Prepare cellular porous (Zr of the present invention
100-tti
t)
xcu
yr
zamorphous glucose sensor electrode without enzyme includes the following step:
The first step: to (Zr
100-tti
t)
xcu
yr
znon-crystaline amorphous metal thin plate or amorphous alloy ribbon carry out shot peening, and pressure is 0.1 ~ 1 MPa, and the shot peening time is 1 ~ 5 minute, after in turn after acetone, alcohol washes, then use distilled water ultrasonic cleaning after 5 ~ 10 minutes, obtain pre-formed electrode part;
Second step: pre-formed electrode part is placed in 3wt.%NaCl solution, with pre-formed electrode part for working electrode, platinum electrode is supporting electrode, and saturated calomel electrode is reference electrode;
Adopt galvanostatic method corrosion treatment, current density is 3 ~ 10mA/cm
2, the time is after 1200 ~ 1500 seconds, takes out and after 3 ~ 10 seconds, namely obtains cellular porous amorphous glucose sensor electrode by distilled water supersound process.
Or adopt method and anodic polarization corrosion treatment, sweep velocity is 5 ~ 100mV/min, the final current potential that polarizes is+1.2 ~+1.6V(vs.SCE), time is after 1200 ~ 1500 seconds, take out and after 3 ~ 10 seconds, namely obtain cellular porous amorphous glucose sensor electrode without enzyme by distilled water supersound process.
embodiment 1
(A) Ti is prepared
48.5zr
6cu
37ni
5.5sn
2si
1block amorphous alloy
Step one: batching
According to Ti
48.5zr
6cu
37ni
5.5sn
2si
1target component takes each element of Ti, Zr, Cu, Ni, Sn, Si, mixes and obtains melting raw material, and the mass percent purity of each element is not less than 99.0%;
The Ti of 10g processed
48.5zr
6cu
37ni
5.5sn
2si
1needed for block amorphous alloy, the total mass number of each element is: Ti is 3.998g, Zr be 0.942g, Cu be 4.047g, Ni be 0.556g, Sn be 0.409g, Si is 0.048g;
Step 2: melting Ti
48.5zr
6cu
37ni
5.5sn
2si
1block amorphous alloy ingot
Melting raw material is put into vacuum arc fumace and carries out melting, in mass percent purity be under the argon atmosphere of 99.999% melting evenly afterwards take out obtain Ti
48.5zr
6cu
37ni
5.5sn
2si
1block amorphous alloy ingot;
Smelting parameter: during melting, the vacuum tightness of vacuum arc fumace is 1 × 10
-2pa;
Smelting temperature is 1250 DEG C;
Smelting time is 8min;
In order to make Ti
48.5zr
6cu
37ni
5.5sn
2si
1the uniform composition of master alloy ingot, carries out the raw material in melt back No. 4 stoves by the melting condition of repeating step two.

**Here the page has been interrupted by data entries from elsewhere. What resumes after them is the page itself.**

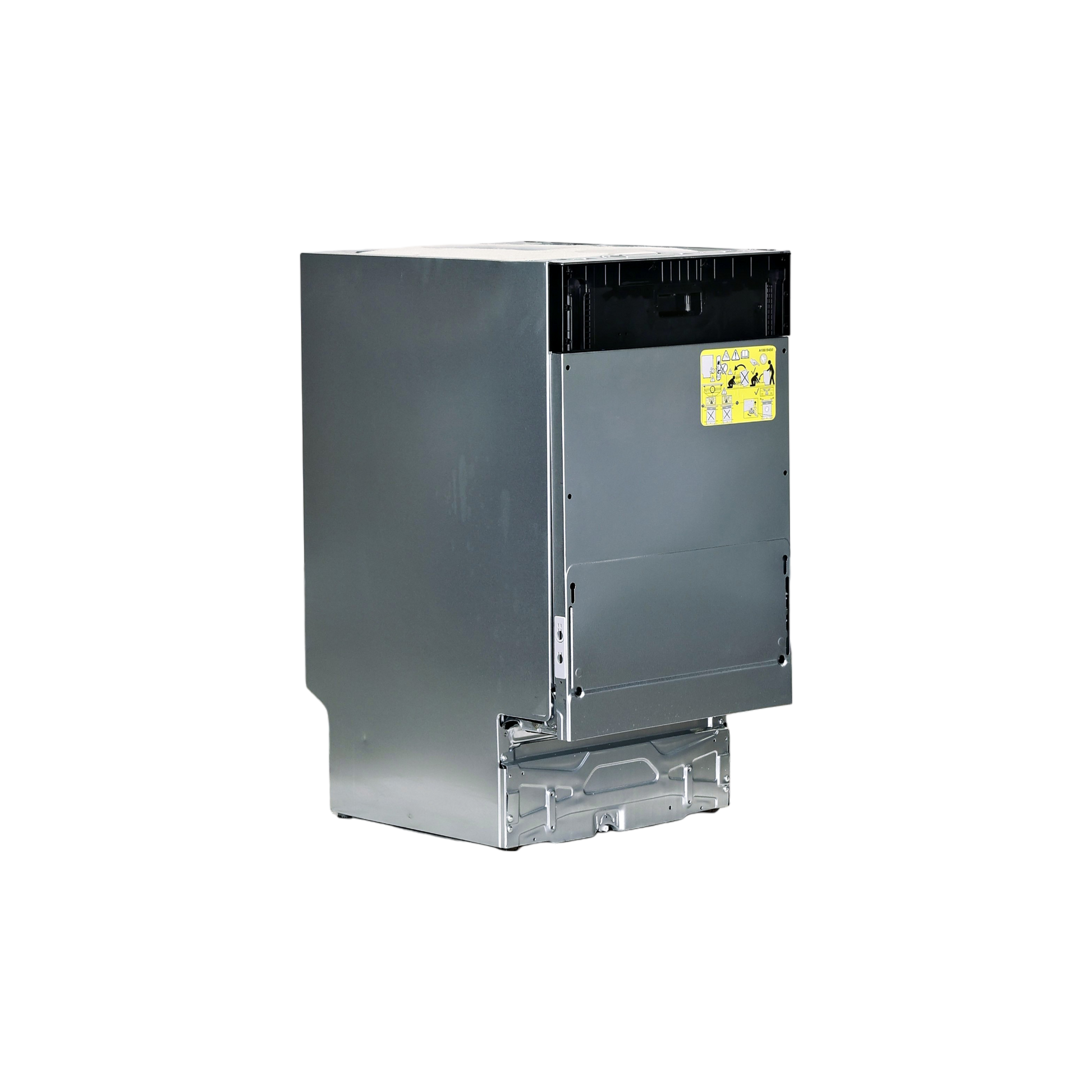 Lave-vaisselle Encastrable 9 couverts Reconditionné SMEG ST4522IN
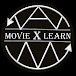 電影學電影 movie x learn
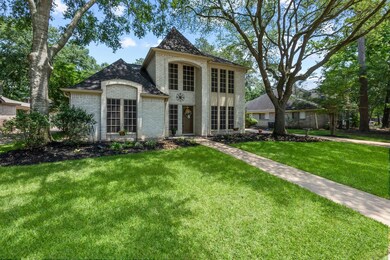 15026 River Park Dr, Houston, TX 77070 - photo 2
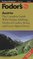 Austria : The Complete Guide with Vienna, Salzburg, Medieval Castles, Skiing and Great Alp ine Drives (Fodor's Austria, 8th ed)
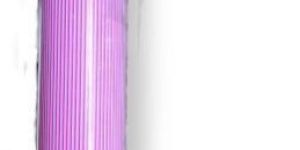 ECG Recording Paper Roll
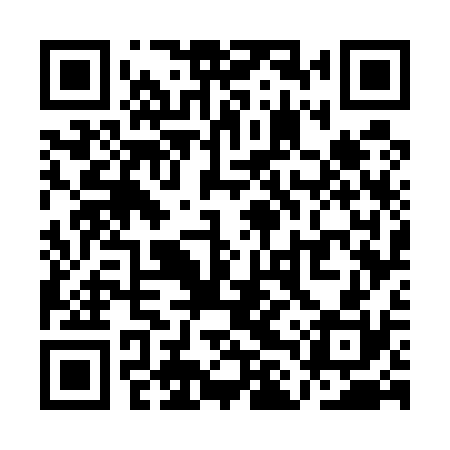 QR code for QLW530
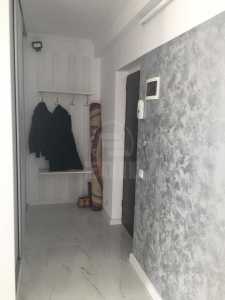 Appartement de louer 2 chambres, APCJ238462FLO-10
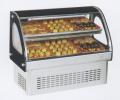 DAVID WORK CATERING EQUIPMENT image 10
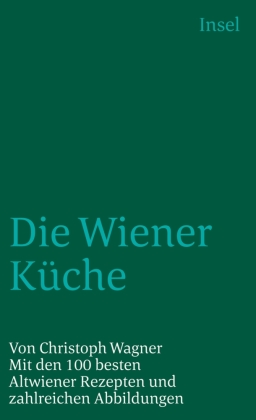 Die Wiener Küche 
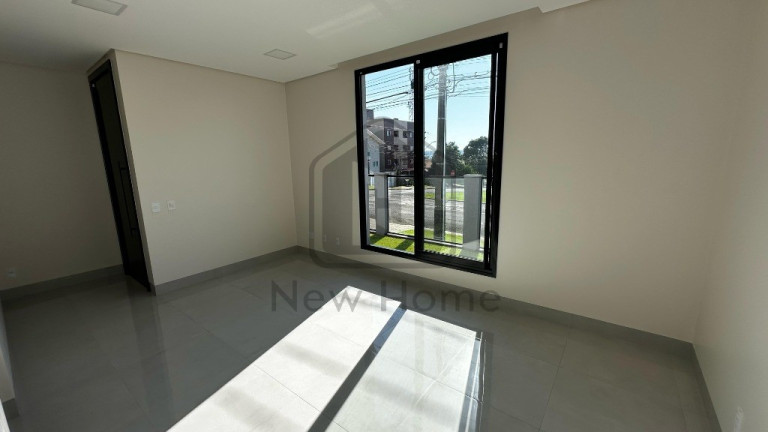 Imagem Casa com 3 Quartos à Venda, 200 m² em Maria Luiza - Cascavel Imagem Casa com 3 Quartos à Venda, 200 m² em Maria Luiza - Cascavel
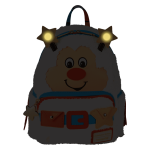 079C9C10-BE1F-4241-6BF8-0FC17ED3BA8B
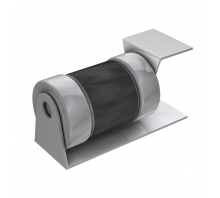 Зображення TPS-50V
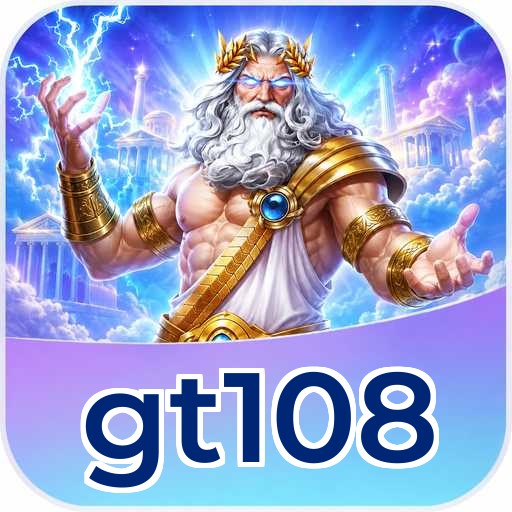 gt108 APK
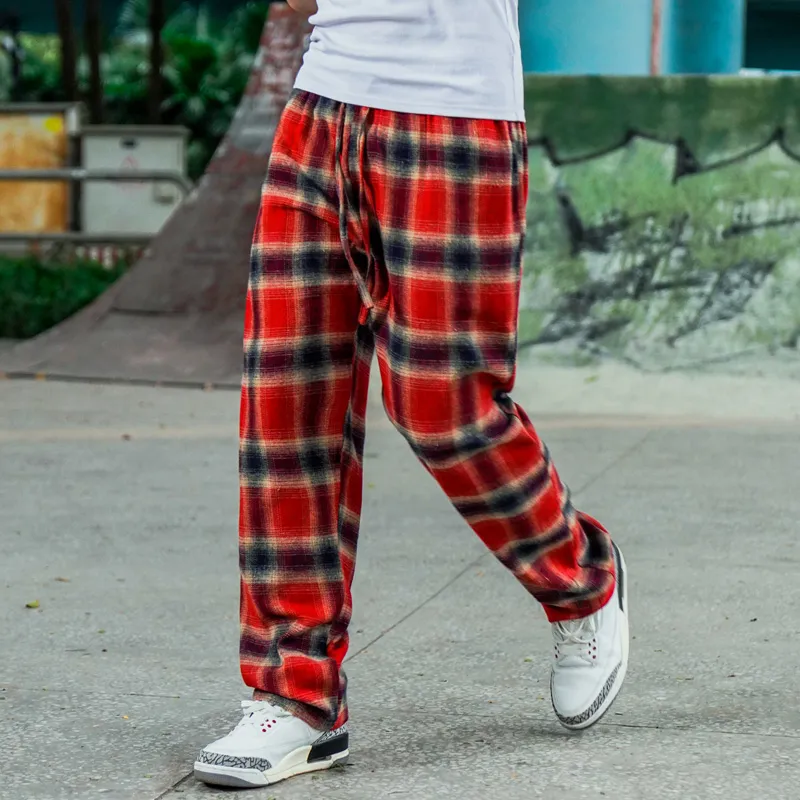 BKCXZICE Vintage Basketball Shorts Trendy Running Sports Pants Unisex-7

Step 3: block amorphous alloy casting
The Ti that step 2 is prepared
48.5zr
6cu
37ni
5.5sn
2si
1it melts by the induction furnace that quick solidification apparatus put into by block amorphous alloy ingot completely, by spray to cast, solidifies cooling and obtains Ti
48.5zr
6cu
37ni
5.5sn
2si
1block amorphous alloy thin plate;
Board size 10mm × the 40mm of non-crystaline amorphous metal thin plate, plate thickness is more than or equal to 1mm;
Induction melting optimum configurations: during melting, the vacuum tightness of vacuum induction furnace is 1 × 10
-1pa, induced current 300mA, smelting temperature is 900 DEG C, and smelting time is 60s;
Spray to cast pressure is 0.03MPa;
Speed of cooling is 10
2k/s.
(B) cellular porous Ti is prepared
48.5zr
6cu
37ni
5.5sn
2si
1amorphous glucose sensor electrode without enzyme
The first step: to Ti
48.5zr
6cu
37ni
5.5sn
2si
1non-crystaline amorphous metal thin plate carries out shot peening, and pressure is 0.3 MPa, and the shot peening time is 3 minutes, after in turn after acetone, alcohol washes, then use distilled water ultrasonic cleaning after 10 minutes, obtain pre-formed electrode part;
Second step: pre-formed electrode part is placed in 3wt.%NaCl solution, with pre-formed electrode part for working electrode, platinum electrode is supporting electrode, and saturated calomel electrode is reference electrode;
Adopt galvanostatic method corrosion treatment, current density is 7mA/cm
2, the time is after 1200 seconds, takes out and after 5 seconds, namely obtains cellular porous Ti by distilled water supersound process
48.5zr
6cu
37ni
5.5sn
2si
1amorphous glucose sensor electrode.
Through the cellular porous Ti that second step is obtained
48.5zr
6cu
37ni
5.5sn
2si
1amorphous glucose sensor electrode is directly at Ti
48.5zr
6cu
37ni
5.5sn
2si
1the amorphous layer of the surface in situ generation of non-crystaline amorphous metal thin plate, meets sheet electrodes structure, directly can be used as chip glucose sensor electrode without enzyme.Compare other enzyme-free glucose sensors, simplify making processes.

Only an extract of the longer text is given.